The volcano called Sousaki lies dormant near the city of Korinthos in Greece. This is a volcano which last exploded 2.7 million years ago but is still exhibiting strong steaming activity, emitting mostly carbon dioxide and hydrogen sulfide. There are a lot of bright yellow sulfur deposits and a device monitoring the geothermal activity of the area has been installed there. It is included in the “Atlas of the Aegean Geological Monuments” (Velitzelos et al., 2002) and has been recognized as an educational geosite. There were three main reasons for the choice of this location, namely, its proximity to Athens, the fact that it is easily accessible, and the clearly visible and distinct geological formations.


An educational field trip was planned for twenty (20) sixteen-year-old students to Sousaki. The design of the field trip and educational game using Augmented Reality were based on student-centred and collaborative approaches. Guided discovery learning was applied. The instructors worked on the platform and the augmentations while keeping in mind the specific cognitive objectives, and created augmented reality activities to present the new content and allow students to interact with it. The students worked in small groups and their initial task was to locate a specific spot that had been previously photographed and was included in the PDF given to them. This particular picture worked as the link to give them access to more information by scanning it.

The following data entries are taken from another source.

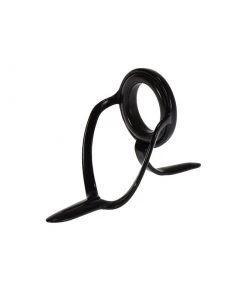 Pacific Bay Deep Drawn Saltwater Guides Model DP Components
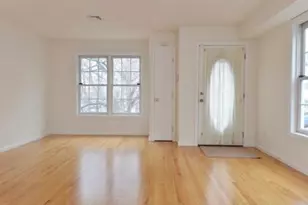 6 Harleston, Boston, MA 02120 - Photo 4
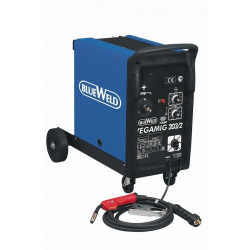 Купить Blueweld VEGAMIG 203/2 в Селятино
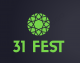 Festivali muzikorë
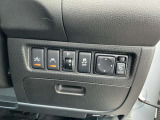 色々な機能も装着しております。写真装備の内容や使用の仕方等はぜひお問い合わせください。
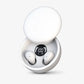 SleepBean™ - Mini Comfort Earbuds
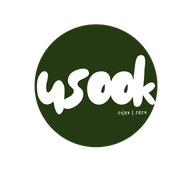 อยู่สุข - u sook home cafe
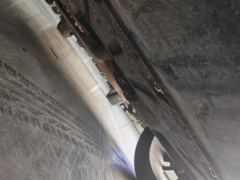 Leapmotor C16 EREV 200km Exclusive Edition - photo 8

There were no specific requirements on the part of the users of the application. Given the computer literacy that most teenagers possess, all that was required was to have the application installed in their mobiles beforehand and to have internet access.

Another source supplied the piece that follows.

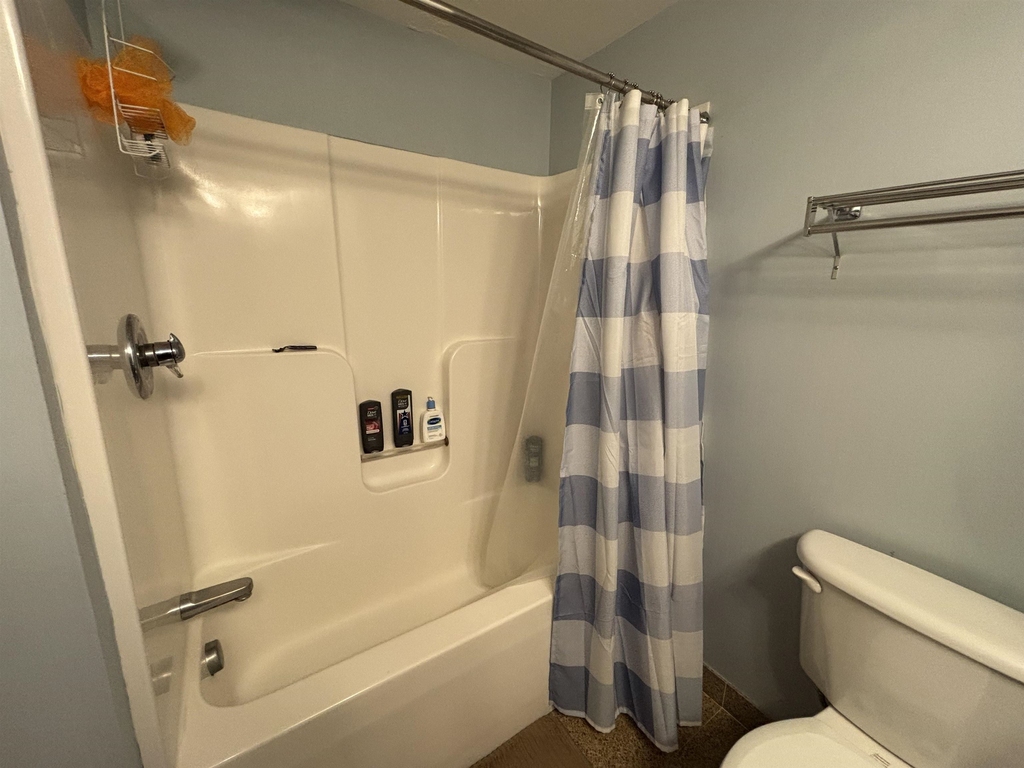 703 Ocean - Photo 8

Upon completion of the activities, students and teachers were given separate questionnaires to answer regarding their experience, including the use of the ARTutor platform. Some of the questions were open-ended and some used the Likert scale.

Objectives and description of the educational outing

The main purposes of this educational outing were to provide the students with an initial experience of what field work is, to point out its role in highlighting the necessity to preserve sites of geological heritage such as Sousaki, to get acquainted with the location of the volcano and to make the most out of the information that was provided by the ARTutor application. The cognitive objectives were recognising the different types of rocks that were present at the site and detecting various volcanic gases. They were also introduced to the way geothermal energy can be used and to its potential. They had to spot the rock formations and various objects from the pictures that were in the PDFs. By scanning these pictures, they were given access to more information and clarifications through the ARTutor application. The students had to work together, exchange opinions and reach a consensus; we hoped this would lead them to appreciate field work as well as group work and to recognise the educational value of this particular Geosite.

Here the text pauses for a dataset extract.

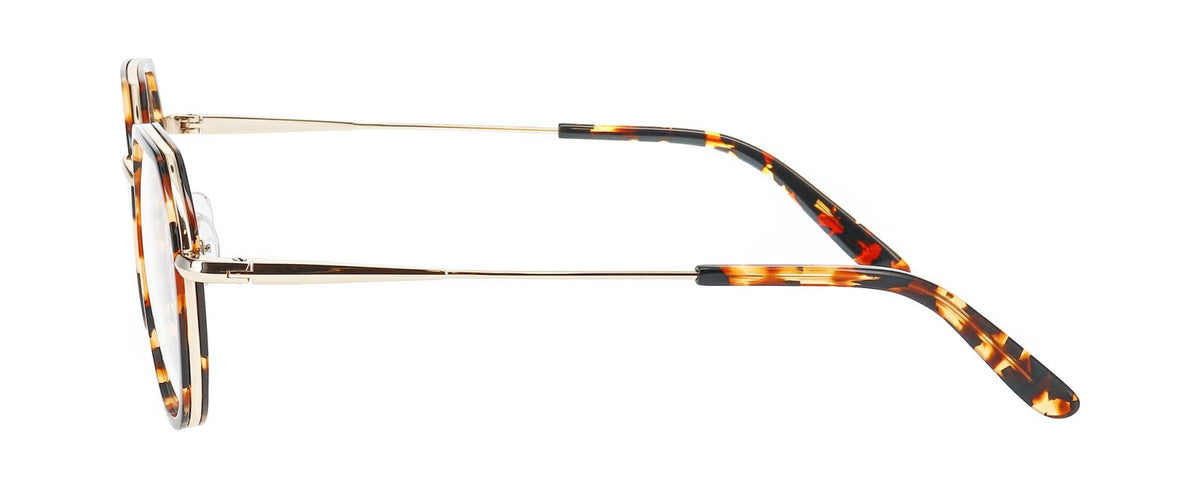 Gafas Graduadas Nifties Ni8550 5424 48 19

In order to achieve these objectives, specific formations and items were chosen. The sequence of sedimentary rocks which formed at the bottom of the lake that used to be present during the two major volcanic effusions is at direct opposition with the structureless lava depositions (Figure 1). These were augmented with sketches on how a layer is deposited at the bottom of a sedimentary basin and a video showing underwater lava effusions. The picture of the pump monitoring geothermal activity which was put at the site was augmented using information about countries like Iceland that rely upon geothermal sources in order to cover their energy needs and by videos of geysers (Figure 2).

Figure 1: Volcano Sousaki Geosite

Figure 2: Accessing information on Geothermal energy

The gypsum crystals of different sizes that all students collected made a great impression on them. Their pictures were augmented using additional information on how the crystals were formed (Figure3). The pictures of caves that were in abundance at the site of the volcano were augmented with pictures of dead birds and insects due to the presence of carbon dioxide and videos of how it can be detected by lighting up a piece of paper that eventually stops burning (Figure 4).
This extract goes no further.